:: Your instructions ::
Copy exactly, and only, the lines between the start of the entries below and the line containing "200 Pcs Decor", both inclusive. Omit pictures.

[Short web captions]
▼▼▼
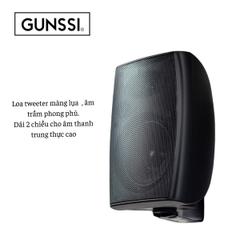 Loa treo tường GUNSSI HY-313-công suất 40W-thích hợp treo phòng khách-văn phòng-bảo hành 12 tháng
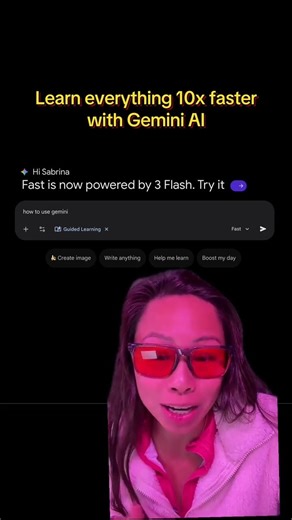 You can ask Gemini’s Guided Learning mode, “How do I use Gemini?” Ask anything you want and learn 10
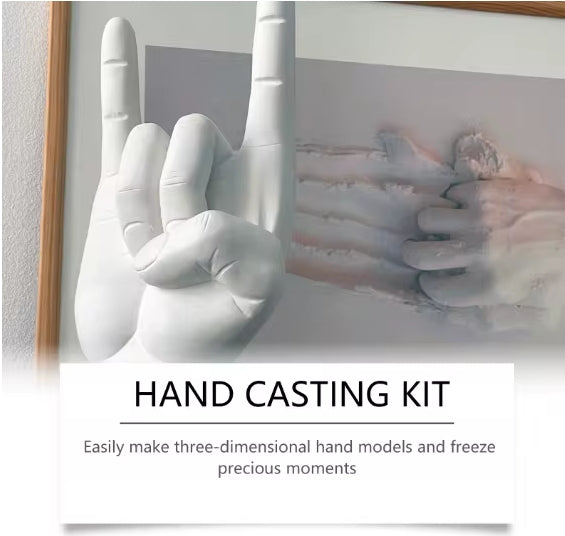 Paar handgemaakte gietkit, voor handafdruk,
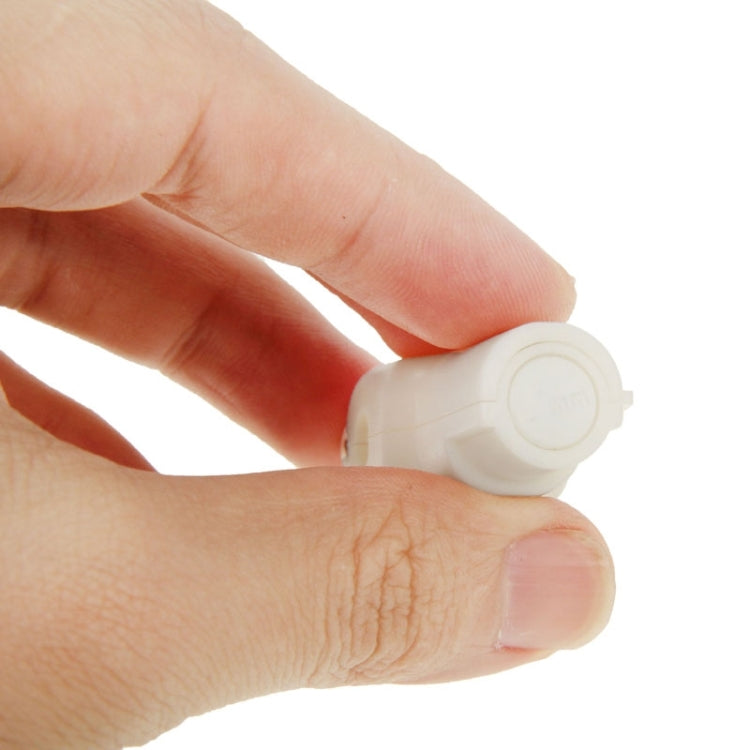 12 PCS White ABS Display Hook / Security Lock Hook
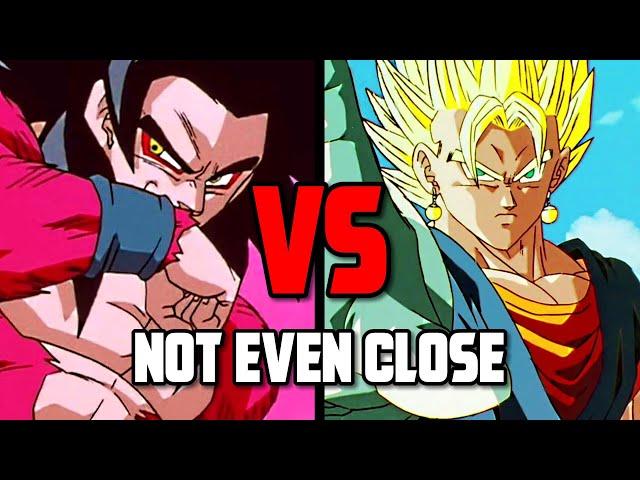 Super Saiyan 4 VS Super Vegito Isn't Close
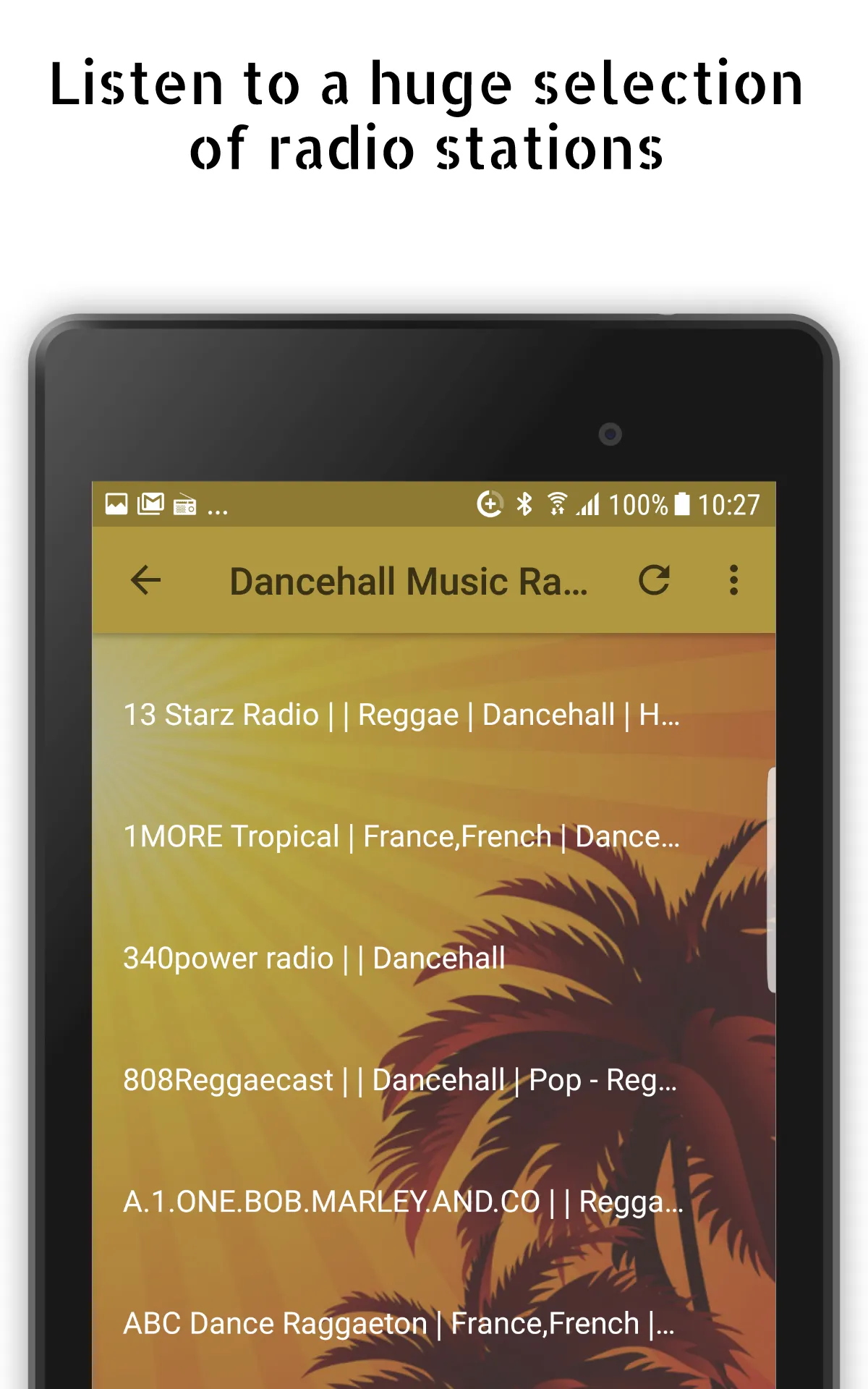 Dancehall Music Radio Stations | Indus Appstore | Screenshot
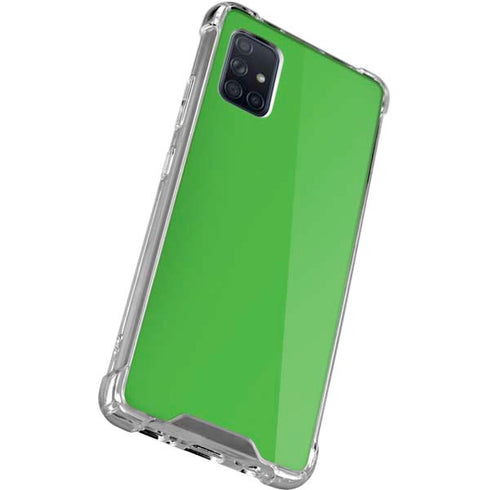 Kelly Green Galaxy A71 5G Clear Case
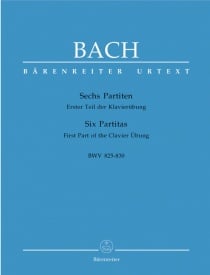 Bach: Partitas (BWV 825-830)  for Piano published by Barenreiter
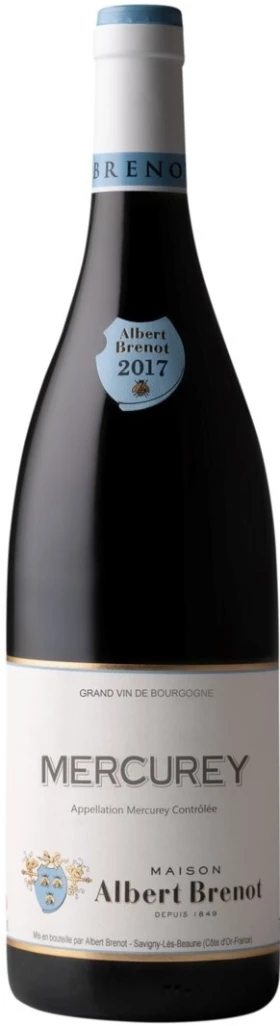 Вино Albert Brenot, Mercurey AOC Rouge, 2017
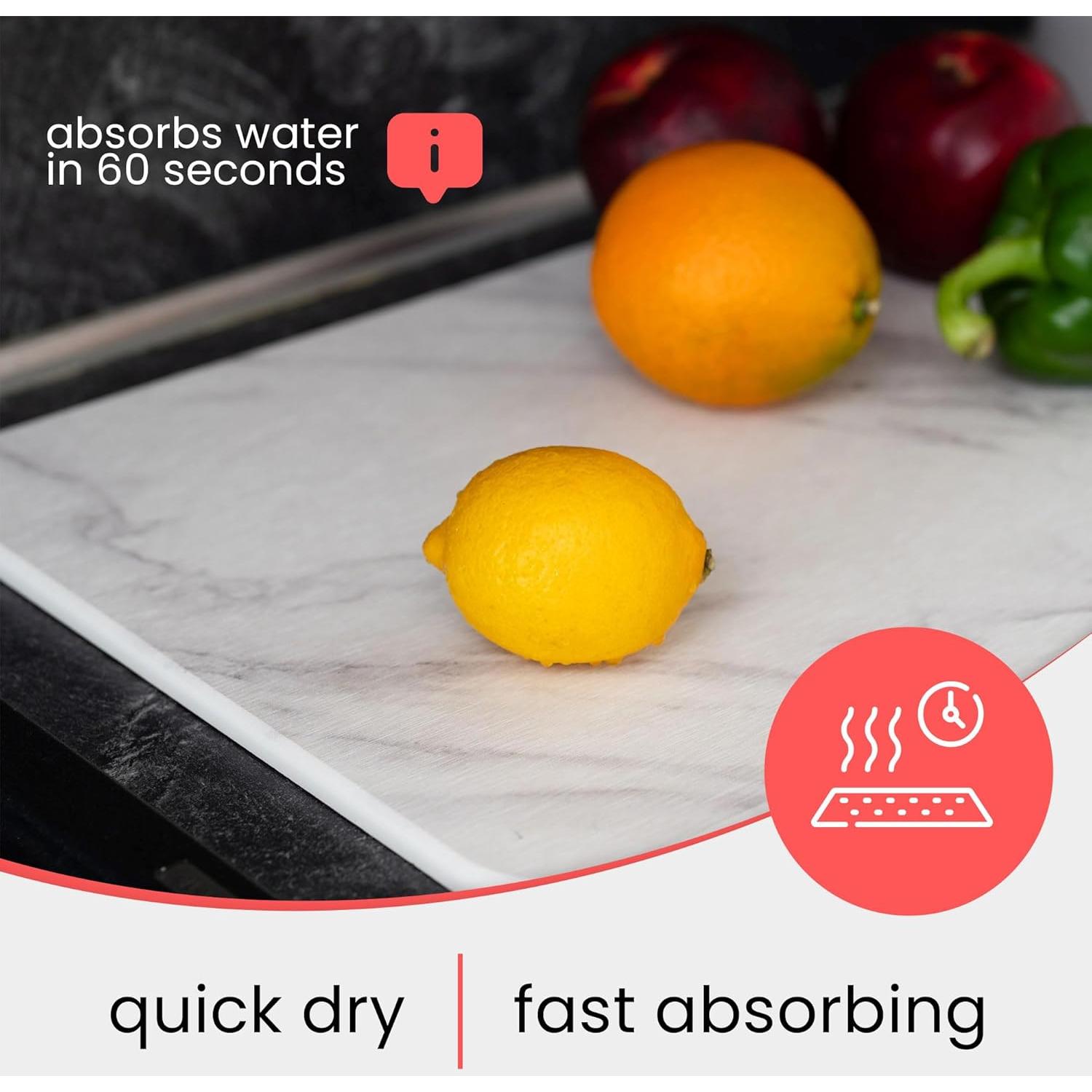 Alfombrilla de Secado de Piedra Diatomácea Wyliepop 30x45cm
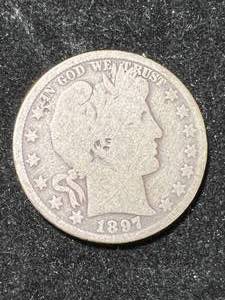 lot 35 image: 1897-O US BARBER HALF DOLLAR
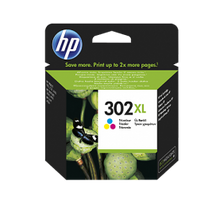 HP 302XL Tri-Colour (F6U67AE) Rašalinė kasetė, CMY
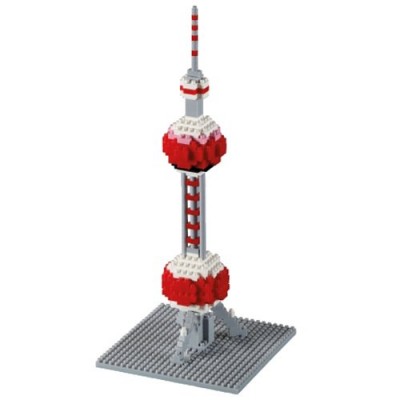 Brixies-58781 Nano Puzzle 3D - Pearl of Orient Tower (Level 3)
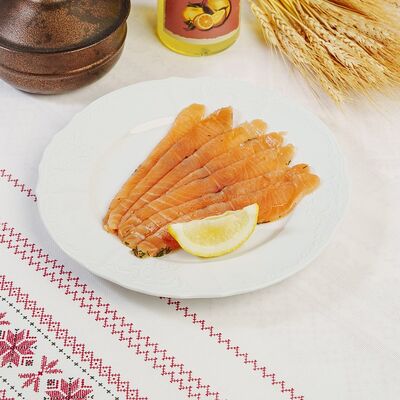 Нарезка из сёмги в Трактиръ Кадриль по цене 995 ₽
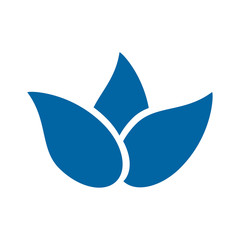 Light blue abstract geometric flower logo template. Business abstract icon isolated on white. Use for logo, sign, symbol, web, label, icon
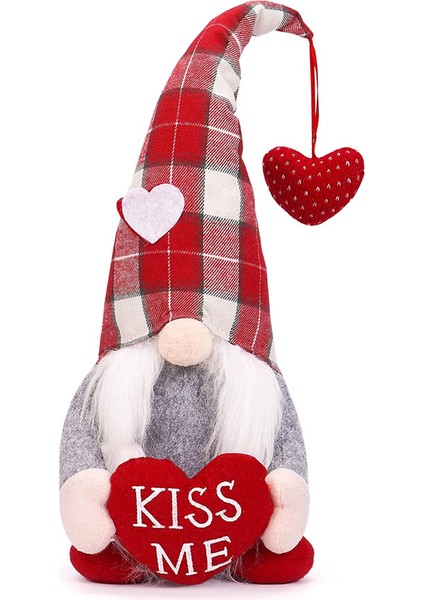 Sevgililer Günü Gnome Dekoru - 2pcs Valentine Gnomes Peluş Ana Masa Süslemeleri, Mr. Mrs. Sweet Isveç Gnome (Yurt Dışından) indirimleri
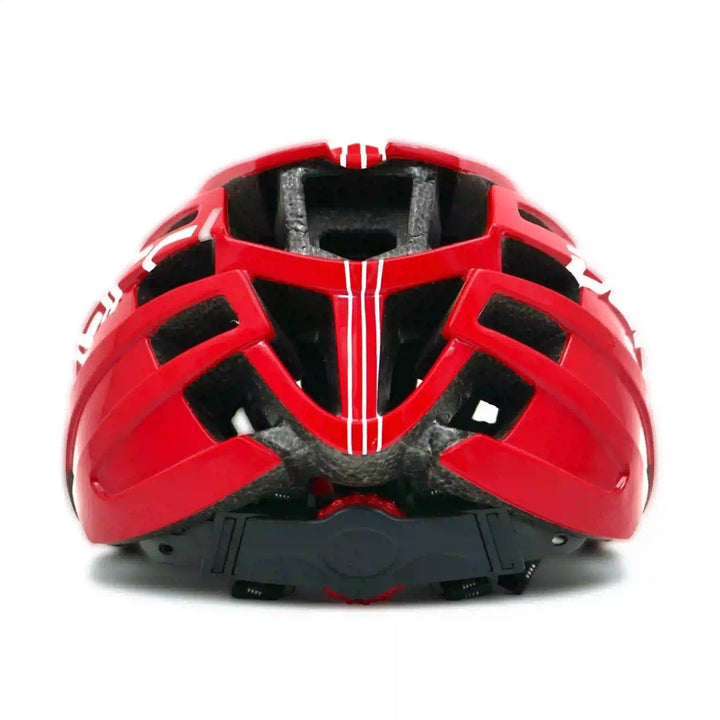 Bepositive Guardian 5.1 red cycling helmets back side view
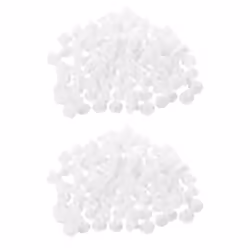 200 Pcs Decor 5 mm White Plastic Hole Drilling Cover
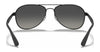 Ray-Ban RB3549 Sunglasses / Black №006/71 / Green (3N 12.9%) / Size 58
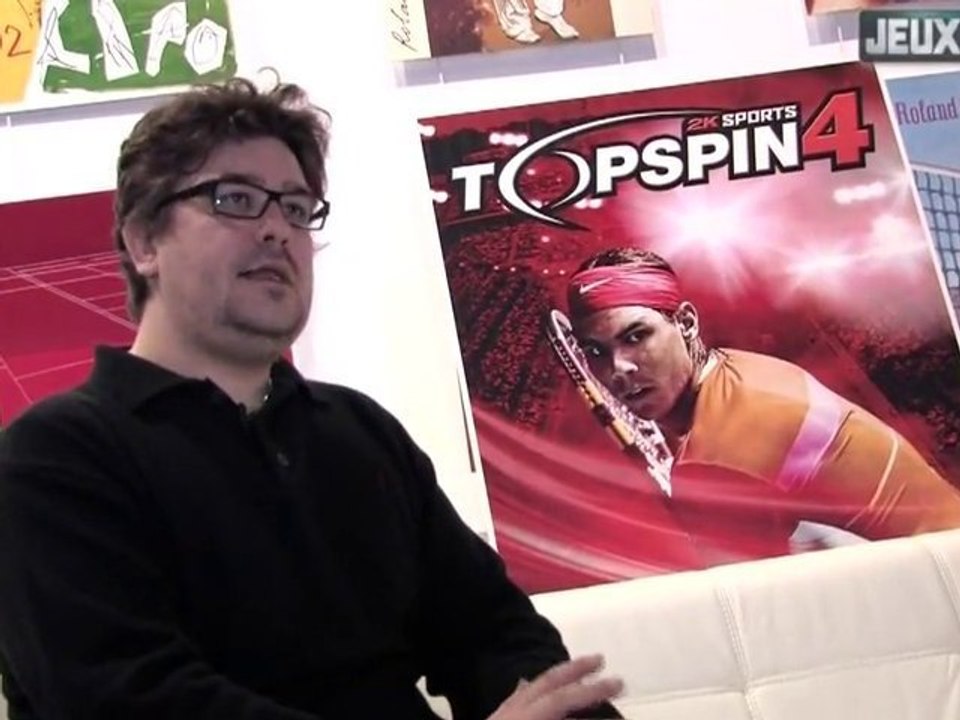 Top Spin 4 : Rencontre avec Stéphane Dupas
▲▲▲
:: Finished exercise ::
 Loa treo tường GUNSSI HY-313-công suất 40W-thích hợp treo phòng khách-văn phòng-bảo hành 12 tháng
 You can ask Gemini’s Guided Learning mode, “How do I use Gemini?” Ask anything you want and learn 10
 Paar handgemaakte gietkit, voor handafdruk,
 12 PCS White ABS Display Hook / Security Lock Hook
 Super Saiyan 4 VS Super Vegito Isn't Close
 Dancehall Music Radio Stations | Indus Appstore | Screenshot
 Kelly Green Galaxy A71 5G Clear Case
 Bach: Partitas (BWV 825-830)  for Piano published by Barenreiter
 Вино Albert Brenot, Mercurey AOC Rouge, 2017
 Alfombrilla de Secado de Piedra Diatomácea Wyliepop 30x45cm
 lot 35 image: 1897-O US BARBER HALF DOLLAR
 HP 302XL Tri-Colour (F6U67AE) Rašalinė kasetė, CMY
 Brixies-58781 Nano Puzzle 3D - Pearl of Orient Tower (Level 3)
 Нарезка из сёмги в Трактиръ Кадриль по цене 995 ₽
 Light blue abstract geometric flower logo template. Business abstract icon isolated on white. Use for logo, sign, symbol, web, label, icon
 Sevgililer Günü Gnome Dekoru - 2pcs Valentine Gnomes Peluş Ana Masa Süslemeleri, Mr. Mrs. Sweet Isveç Gnome (Yurt Dışından) indirimleri
 Bepositive Guardian 5.1 red cycling helmets back side view
 200 Pcs Decor 5 mm White Plastic Hole Drilling Cover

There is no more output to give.